VentureBeat: Peter, you’ve been been critical of linguistic approaches to search (semantics search), and VentureBeat pointed to your speech at Berkeley about this in a past post. I’m wondering whether there’s been any change recently in your thinking?
Norvig: I would characterize my opinion on semantics search as realistic. My position is: we do what’s best for the users now, and over the longer-term, we investigate technologies that will help in the future. It would be great if we understood every word of every document and every query, but that’s a long way off. In the meantime, we develop technologies that provide the best overall user experience.
For example, fill-in-the-blank search (see here). You mentioned the query [Who shot Cheney] and said the answer should be “nobody” but I think our answer to [* shot Cheney], where the * means fill-in-the-blank, is better (see here). These results tell you about “an incident when another hunter shot Cheney – years ago” as well as speculation about “Suppose this 78-year-old man accidentally shot Cheney?” We think that the level of understanding we get from things like fill-in-the-blank today is useful, and we will keep doing things like that. We will also do more with question answering (see here; it gives a factual answer at the top of the page).

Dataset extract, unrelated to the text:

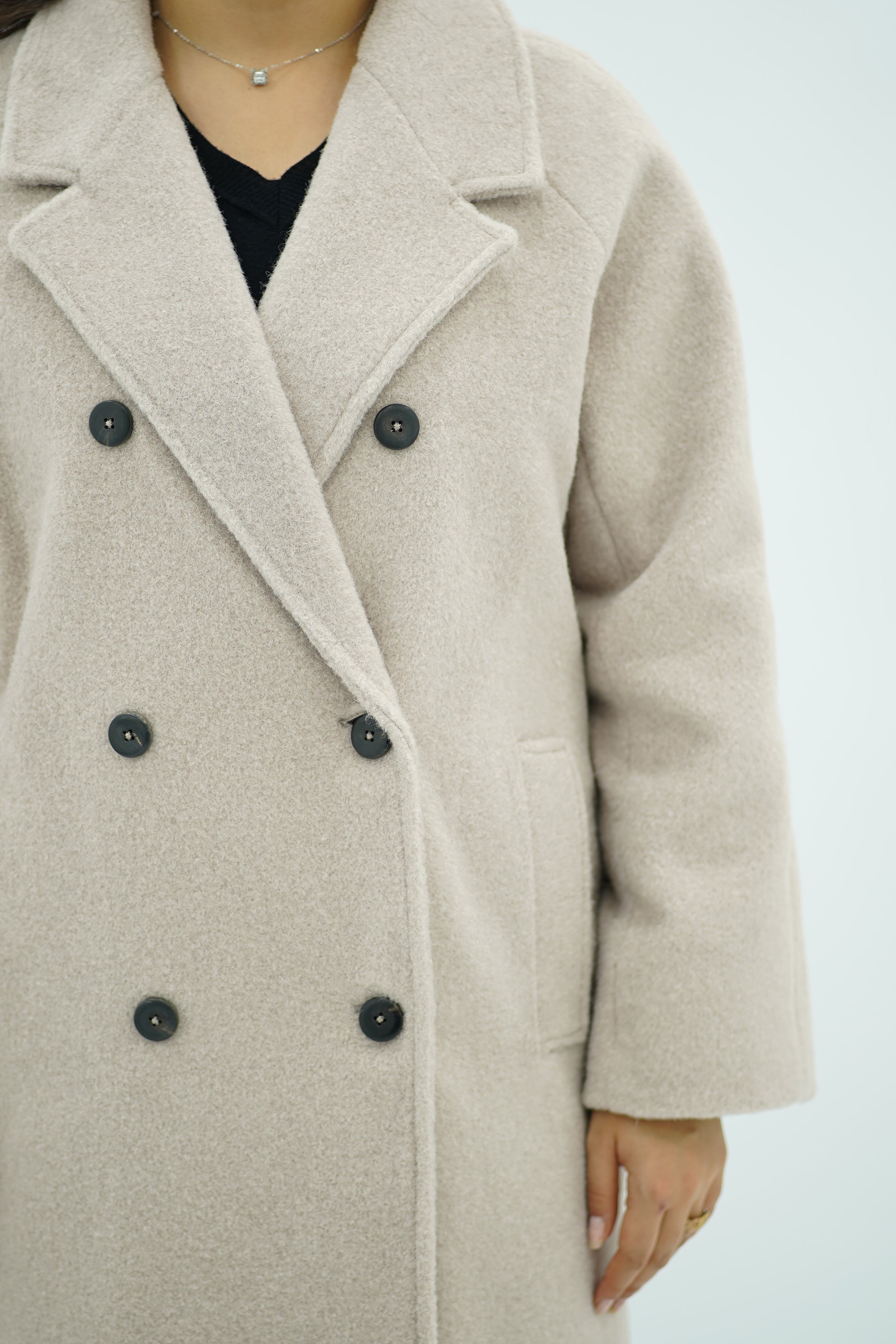 Manteau Long Oversize en Laine - Beige Clair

I have always believed (well, at least for the past 15 years) that the way to get better understanding of text is through statistics rather than through hand-crafted grammars and lexicons. The statistical approach is cheaper, faster, more robust, easier to internationalize, and so far more effective.
VentureBeat: On what basis did you decide that natural language wasn’t going to help? I.E. what sort of help did you get to make that determination? Were these conversations with natural language experts? If so, who?
Norvig: This wasn’t a decision I made, I was just reporting on results of what has worked so far. I have no theoretical stance on this.
VentureBeat: Has Google hired anyone yet to focus on the possibility of using symbolic/deep approaches?
Norvig: Google has several teams focused on natural language and dozens of Googlers with a PhD in the field, including myself.
VentureBeat: Have you ever talked with the natural search folks at PARC, i.e., Ron
Kaplan, to see whether anything his team has developed is worth integrating into Google?Norvig: I know Ron and the other natural language people at PARC very well. I worked for a summer with PARC’s Martin Kay and co-authored a book with him.
There are a handful of people at Google who worked at PARC on natural language in the past. And Barney worked for me at my previous job at NASA, so we talk often as well.
VentureBeat: What if a competitor (Powerset/Hakia) were to license that PARC technology out from under Google’s nose? Realize you don’t comment on competitors, so asking generically (about any company). What if this company acquired full and exclusive rights to PARC’s technology. Would that concern you?
Norvig: We feel there is a lot to do in the field of search, with many ways to approach it. Search remains at the core of everything Google does and we are always working to improve it.